“Can I get you anything?”
“No, thank you,” she murmured, holding up the binoculars he handed to her.
“How about some water?” he asked.
She thanked him and took a sip from the glass he set on a ledge by the windows.
“It doesn’t get too warm here, even in the summer,” he said, handing her one of his sweatshirts, even though she had a couple of her own in the car. “The sun will be setting in about an hour, and then it’ll get chilly.”
She pulled the sweatshirt over her head, and loved that it smelled like him.
She looked up, and he was studying her. “What?” she asked.
“I’ve never brought anyone else here.”
“No?”
“Never even considered it.”
“Why not?”
“Because this place is special to me. Almost sacred, if that makes any sense.”
Ava nodded.
“No one else meant enough to me to share it with them.”
12
“Come here,” he said, pulling her to sit on his oversized sofa. He’d never seen another as big as this one until he saw Doc’s, which had to have been custom made. Once she was seated next to him, Razor reached over the cushions and pulled a blanket out of a basket.
“I thought you hadn’t spent much time on the East Coast,” she said when he covered her with the Hudson Bay wool.
“There’s this new thing, I don’t know if you’ve ever seen one…what are they called? Oh yeah, catalogs.”

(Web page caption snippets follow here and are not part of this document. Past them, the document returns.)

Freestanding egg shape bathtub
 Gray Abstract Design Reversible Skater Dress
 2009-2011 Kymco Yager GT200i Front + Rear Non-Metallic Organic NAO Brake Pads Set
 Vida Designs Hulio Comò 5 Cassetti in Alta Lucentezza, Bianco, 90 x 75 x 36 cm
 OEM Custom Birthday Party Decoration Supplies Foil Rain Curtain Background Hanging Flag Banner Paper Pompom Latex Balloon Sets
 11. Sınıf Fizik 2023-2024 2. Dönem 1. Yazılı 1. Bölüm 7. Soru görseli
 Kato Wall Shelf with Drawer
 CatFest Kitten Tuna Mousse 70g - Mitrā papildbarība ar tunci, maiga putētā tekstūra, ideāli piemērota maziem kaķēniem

She swatted at him, but at least she smiled. That was really all he was going for.
“Close your eyes, sweet Avarie. I can’t tell you how many nights I’ve fallen asleep to the sound of waves crashing against the shore. Even when Doc was gone and we didn’t know whether he was dead or alive, the sound of the ocean put me to sleep.”
It wasn’t long before Ava drifted off. He was quickly growing accustomed to her soft snores, which instead of grating on his last nerve like Gunner’s did, he found to be soothing.
He let his eyes drift closed, loving the feeling of Avarie McNamara snuggled up against him.
—:—
Half-awake and half-asleep, Ava tried to roll over, but something was keeping her from moving. She opened her eyes to find Tabon’s arm and leg wrapped around her from where he slept behind her on the sofa.
Soft light was streaming in through the window blinds, and while the room felt slightly chilly, Tabon did not.
When she tried to ease out of his grasp, he groaned and held on tighter.
“No,” he murmured. “It is not time to wake up yet, and it is especially not time for you to move.”
“But…I need to use the little girls’ room,” she said, smiling.
Tabon moved his leg first and then his arm.
“That’s the only excuse for getting up this early that I’ll accept.”